Start of Supplied material
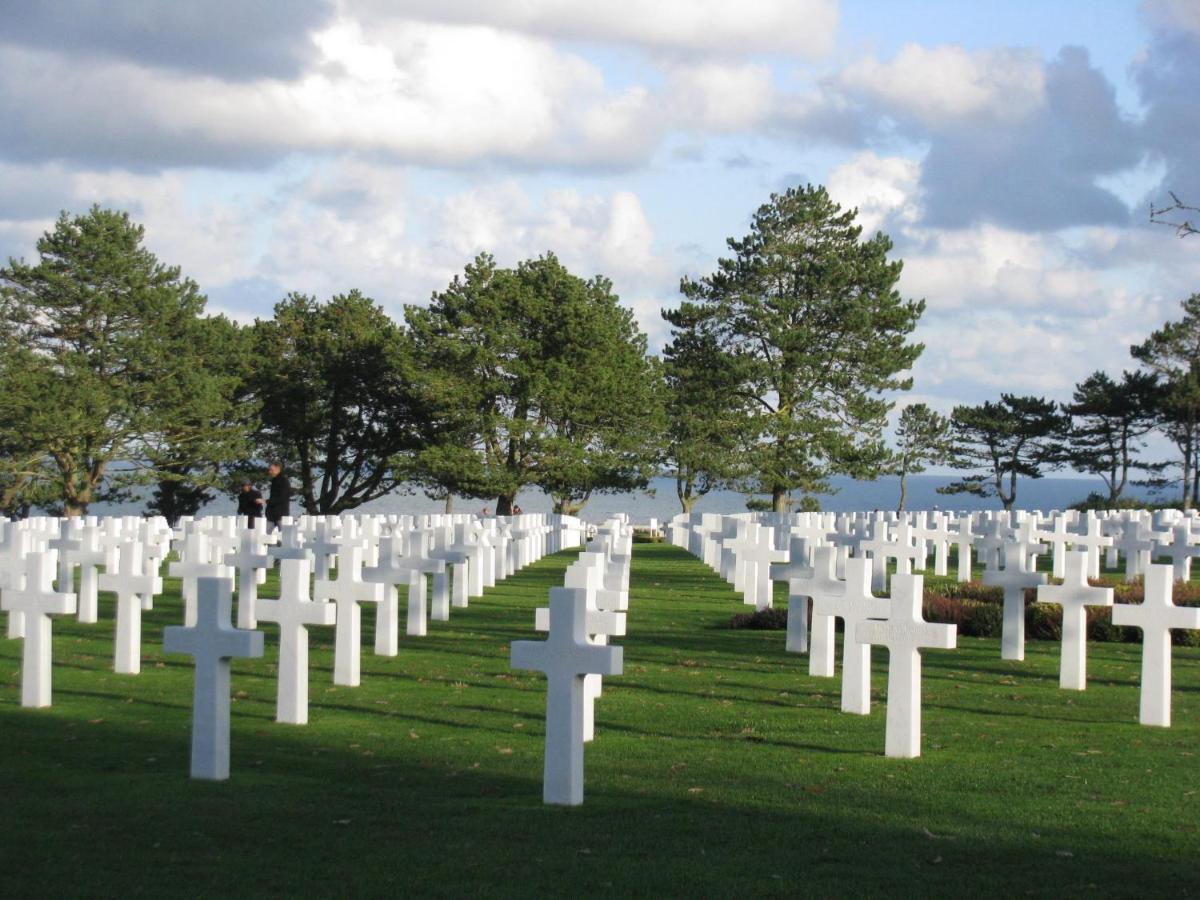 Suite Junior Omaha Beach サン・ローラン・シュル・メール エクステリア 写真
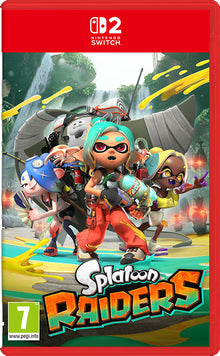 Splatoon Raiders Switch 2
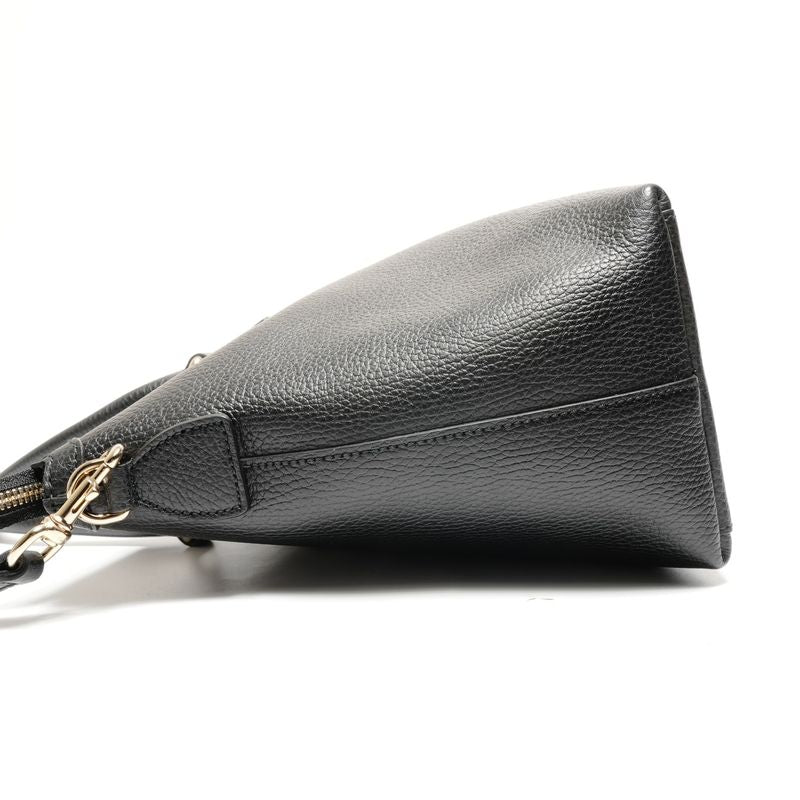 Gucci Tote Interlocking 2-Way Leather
End of Supplied material
** The problem **
Beginning with the line that includes "Splatoon Raiders Switch 2" and ending with the last line of the material, reproduce those lines exactly and nothing else, with no pictures.

** Answer **
 Splatoon Raiders Switch 2
 Gucci Tote Interlocking 2-Way Leather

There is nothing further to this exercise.